22. Não deixe que o que te machuca tome conta de você. Se sentir que tudo o que existe é ruim, crie um novo mundo, viva outras vidas, invente novas felicidades. Metáforas a parte, não aceite que as coisas bonitas se foram.
Eu queria escrever.
Mas tudo o que vem em mim é dor, e eu jurei pra mim que não dedicaria outra poesia para ela.
A dor não é um sentimento.
É um estado de espírito.
A dor não é palpável, mas eu posso senti-la me estrangular.
Os braços finos da dor dão três, quatro e cinco voltas em mim.
A dor suga meu ar e minha fome, e eu tento.
Mas a dor rouba a minha força também.
A dor é a minha companhia no frio.
Quando eu tento me abraçar - mas já não consigo.
Quando meu corpo treme, e eu falho - de novo e de novo.
A dor é o que mantém minha cabeça baixa nos corredores - não deixe eles te verem chorar.
Mas dói.
E a dor não é meu maior problema.
Nem a saudade.
A saudade é um tipo diferente de dor, ela queima.
Eu sei que saudade teoricamente não tem textura, mas juro que a minha é áspera quando ela passa pela minha garganta. - como quem volta pro amor que não ama.
Não tenho saudade das pessoas.
Tenho saudade de épocas.
Saudade dos sorrisos que eu dei.
Saudade dos abraços que não me esquentam mais.
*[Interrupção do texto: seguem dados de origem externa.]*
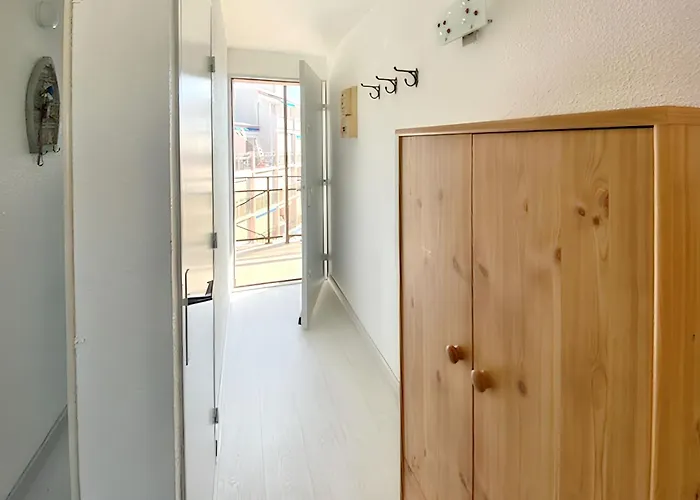 Moderne Au Grau-du-roi De 32 M² Avec Piscine Partagee Le Grau-du-Roi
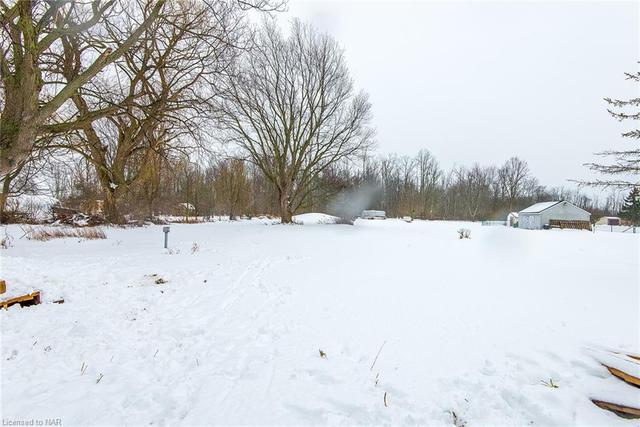 3815 Highway 3 Highway E, House detached with 3 bedrooms, 1 bathrooms and 4 parking in Port Colborne ON | Image 8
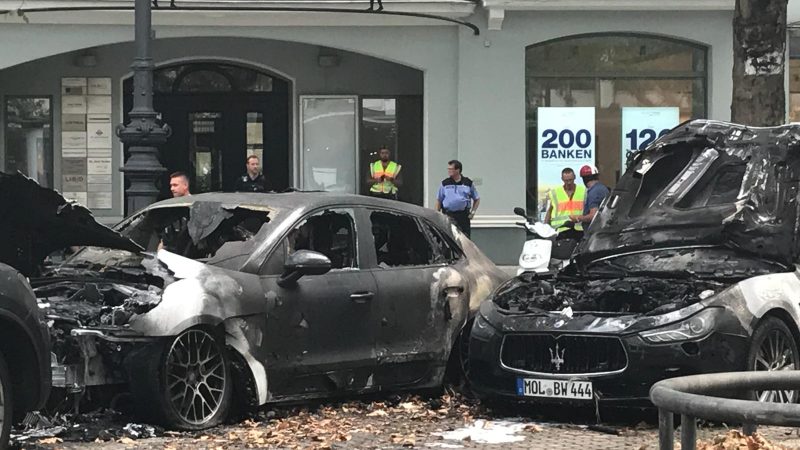 Berlin: Feuerwehr-Großeinsatz auf dem Ku’damm – mehrere Autos stehen in Flammen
Saudade das palavras que eu pensei em dizer, mas não disse.
A saudade me lembra das coisas e as faz sumir da minha mente em segundos.
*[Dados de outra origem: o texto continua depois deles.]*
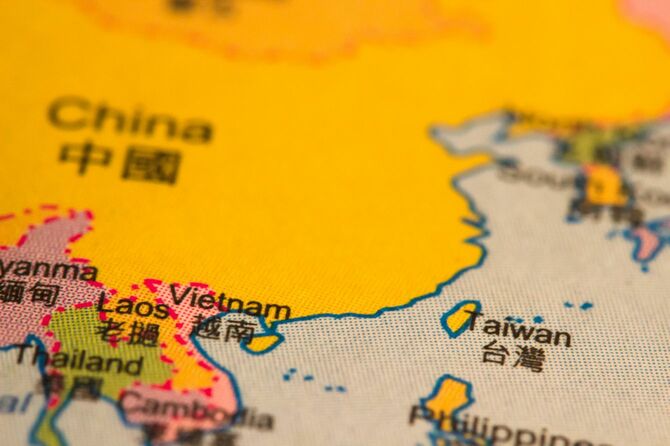 地図上の台湾と中国のクローズアップ写真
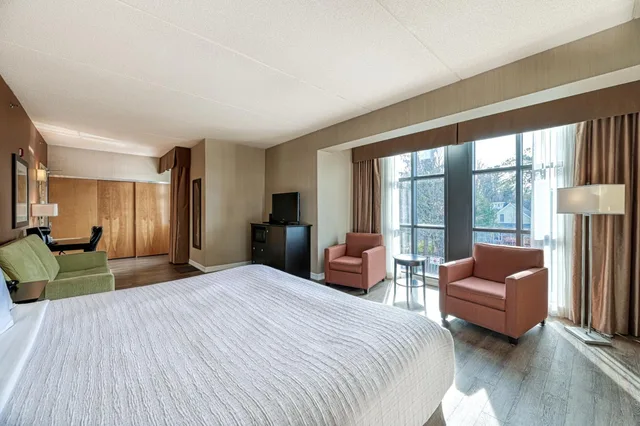 غرفة كبيرة بسرير كينج مع أريكة، Perth Parkside Inn & Spa, BW Premier Collection 3/10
Como se por um momento tudo estivesse bem denovo.
Mas passa.
E então, nunca aconteceu.
A saudade é o vislumbre que felicidade que eu nunca mais vou ver.
É o que foi - e não volta.
A saudade dorme comigo a noite - depois de horas sussurrando no meu ouvido.
"Acabou".
Mas não, a saudade não é a pior.
O pior é o ódio.
O ódio é a sombra atrás de mim que me impede de dar meu melhor.
É a pedra que me faz tropeçar no caminho pra casa.
O ódio é o vazio no meu peito, as partes minhas tão ocas quando grito que sinto elas tremerem e rangerem.
O ódio arde.
Ainda mais quando é de mim.
Quando eu sinto raiva de mim e as lágrimas descem ardidas nas minhas bochechas, eu o sinto.
Como quem me desafiasse.
Quando eu acordo e não quero acordar, a culpa é dele.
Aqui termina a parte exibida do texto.